*** Begin section ***

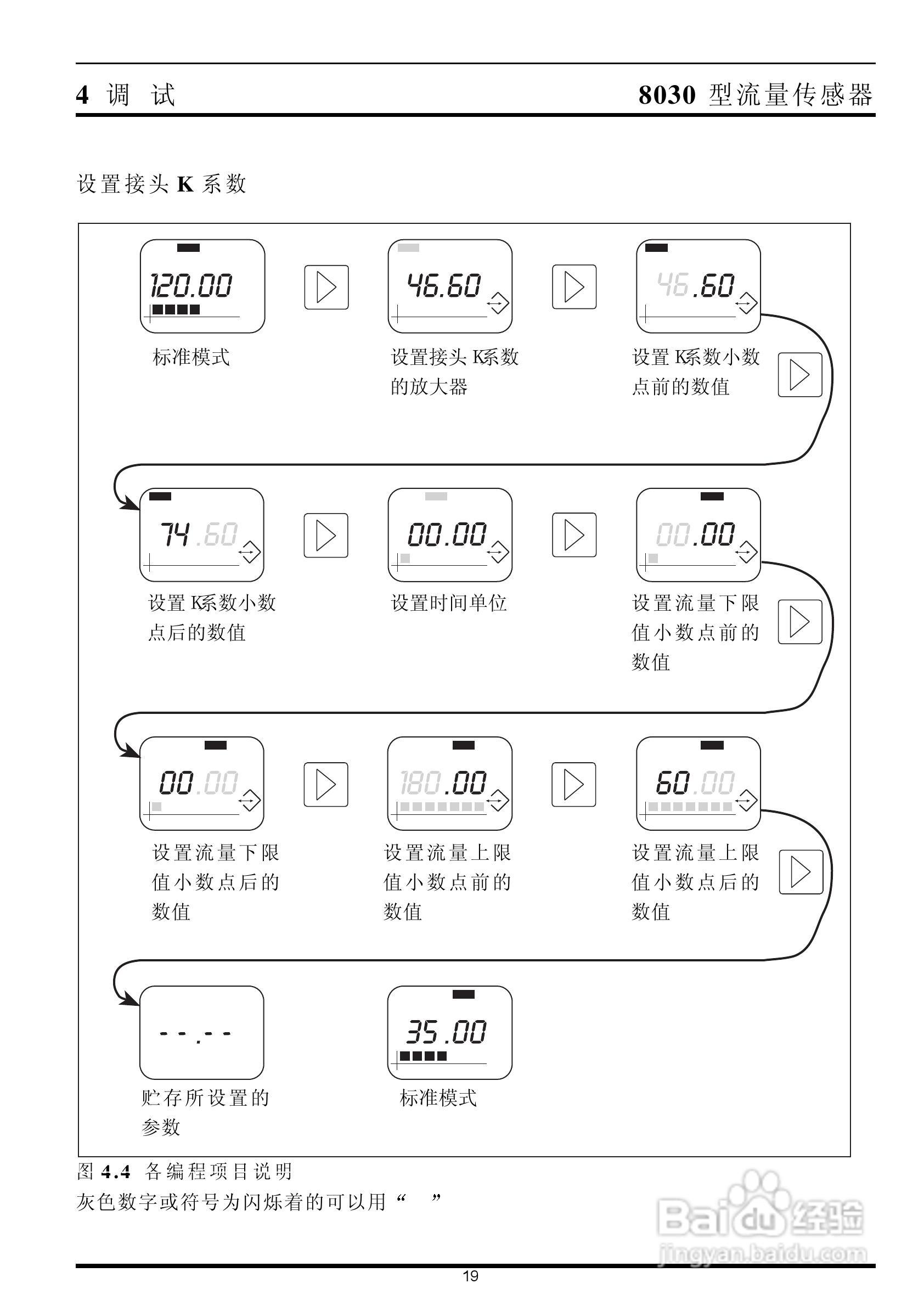 8030型流量传感器安装手册:[2]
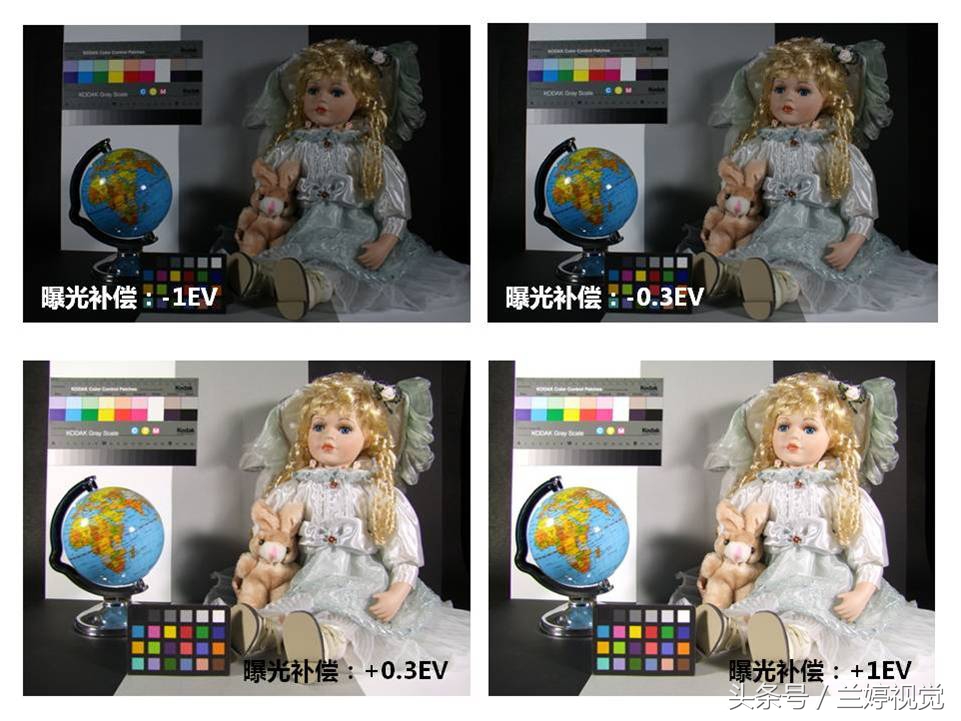 摄影光圈和景深,曝光度高光等摄影基础知识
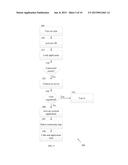 Method, System and Program Product for Perceiving and Computing Emotions diagram and image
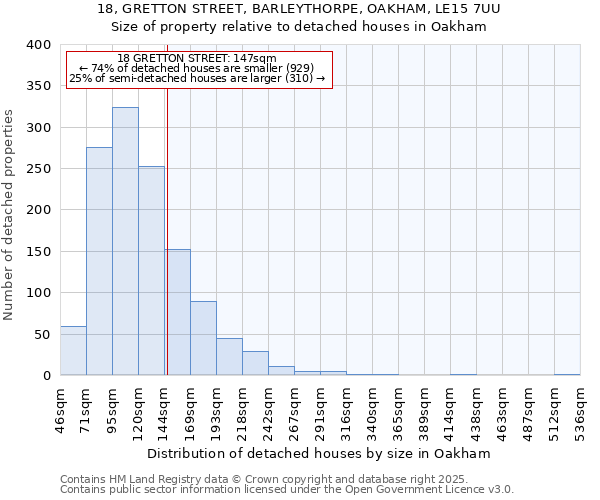 18, GRETTON STREET, BARLEYTHORPE, OAKHAM, LE15 7UU: Size of property relative to detached houses houses in Oakham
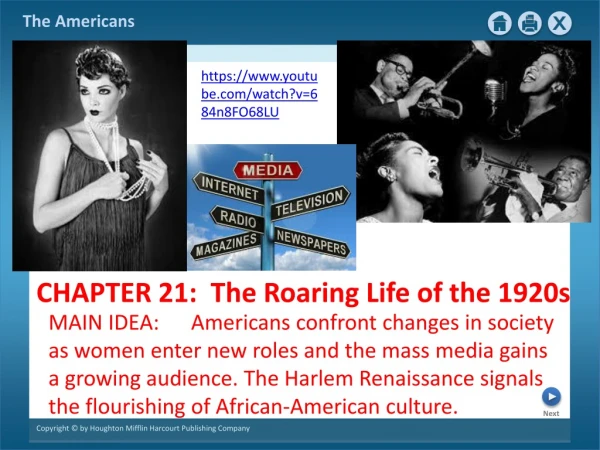 CHAPTER 21:  The Roaring Life of the 1920s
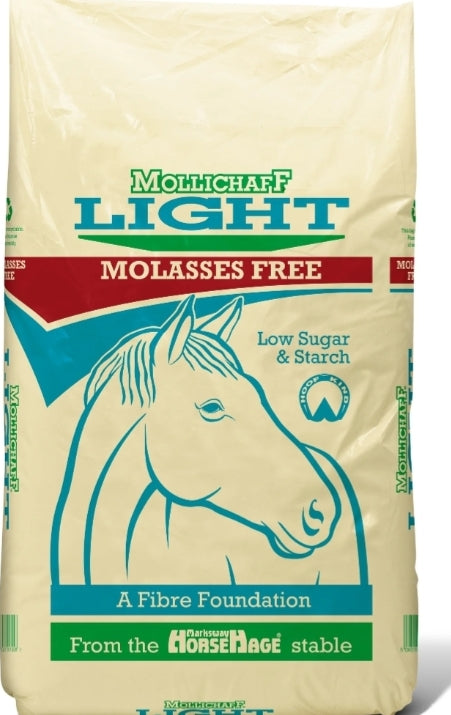 Mollichaff Light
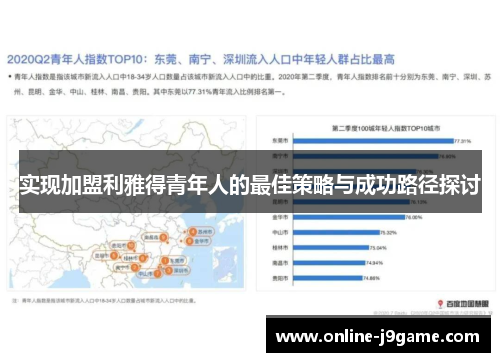 实现加盟利雅得青年人的最佳策略与成功路径探讨
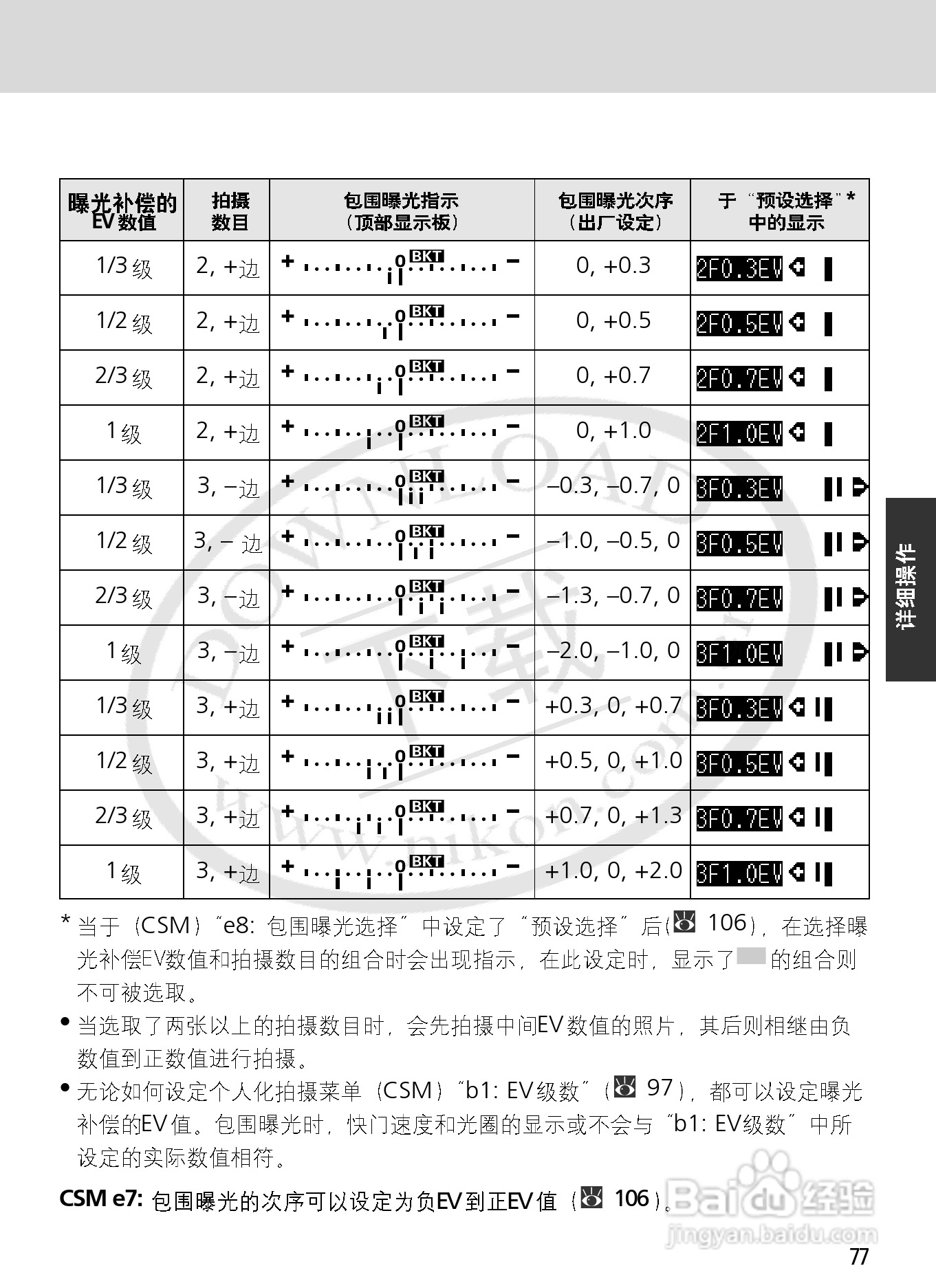 尼康F6数码相机使用说明书:[8]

*** End section ***

For each record above, write out every line exactly and skip the pictures.

 8030型流量传感器安装手册:[2]
 摄影光圈和景深,曝光度高光等摄影基础知识
 Method, System and Program Product for Perceiving and Computing Emotions diagram and image
 18, GRETTON STREET, BARLEYTHORPE, OAKHAM, LE15 7UU: Size of property relative to detached houses houses in Oakham
 CHAPTER 21:  The Roaring Life of the 1920s
 Mollichaff Light
 实现加盟利雅得青年人的最佳策略与成功路径探讨
 尼康F6数码相机使用说明书:[8]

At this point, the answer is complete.